In fairness, I'm sure there are plenty of non-scammers who have attractive photos in their online dating profiles (of themselves no less, and recent). But you can see how a too-attractive photo could indicate that something is amiss. Here's how the State Dept exemplifies photos from the "Gorgeous People in Trouble" genre.
Never trust a blonde woman in a bathrobe
I'm sure there are some folks who are more vulnerable to these types of scams than others. Certainly, if someone is an immigrant or has family that lives overseas, they might be more likely targets. Still, the level of detail seems unnecessary. "Don't give money to anyone who hasn't voluntarily touched your privates" would be a good rule of thumb, online or otherwise.
This is all very silly, of course. It also isn't the first time the federal government has been involved in the dating advice business. The Federal Trade Commission has its own (much more succinct) webpage about Online Dating Scams. It encourages victims to file a complaint with the FTC or report scams to the FBI.
Christ, if you've never been manipulated in a relationship, you've never been in love.
If you type "dating advice" into Amazon's search engine, the results are plentiful. If you type "dating scams" into Google, there's lots of material to keep you busy. The private sector has this subject taken care of. Besides, who the hell looks to the federal government for dating advice?
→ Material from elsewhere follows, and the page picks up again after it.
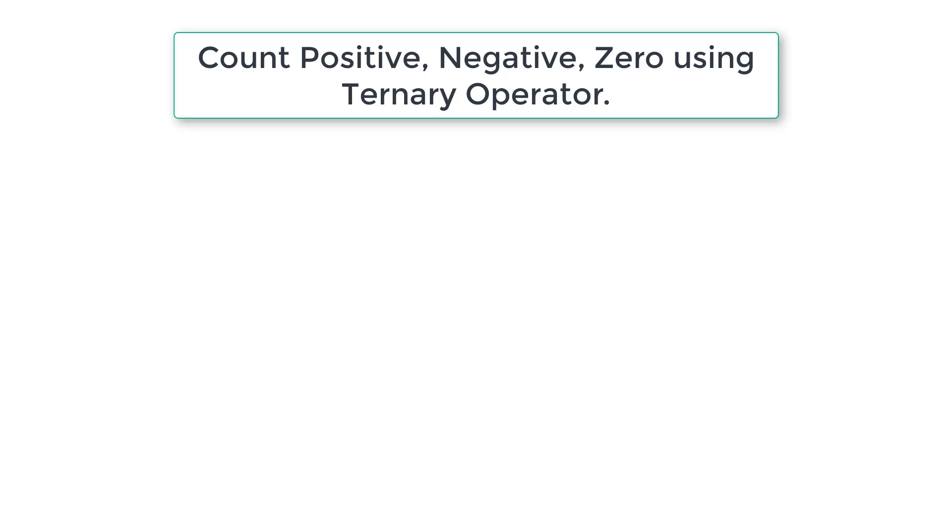Let's write a C program to count the number of positives, negatives and zeros in the series of numbers entered by the user using ternary operator and without using arrays.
It's bizarre how much useless advice the federal government is doling out despite no one asking for it or seeking it out. Here's a selection:
• The Centers for Disease Control and Prevention has a page devoted to tips for improving your health in less than five minutes. Among its suggestions are washing your hands, testing your smoke alarms, and sending your friends insufferable e-cards reminding them to avoid blood clots while on vacation. "Remember to get up and walk around every 2 to 3 hours to help avoid Deep Vein Thrombosis…Enjoy your trip!"
• The Food and Drug Administration reminds us that "Medication Errors Happen to Pets, Too." Be sure to ask your veterinarian when to give your pet medication and how much – especially if they're the kind of vet that hands you a bottle of horsepills with a skull-and-crossbones on it and then walks away without saying a word.
• The Federal Trade Commission has made a short video informing you that even if you make the minimum monthly payments on your credit card, you still have to pay interest. The kind of people who need that advice are presumably the same ones the federal government has tried to save from foreclosure.
• The Federal Emergency Management Agency is featuring this photo to remind you to protect your pet when putting together an emergency supply kit.
It's easy to look at this stuff and think, what's the harm? But what's the good? Anyone who is interested in any of these topics can get information of comparable quality with a Google search. None of this is remotely within the boundaries of legitimate government function.
Even with $16 trillion in debt, there are a lot of folks who would have you believe that federal government spending cuts would be unbearable. On the contrary, when government is big enough to be giving out dating advice, it is clearly in need of more severe cuts than anyone is proposing.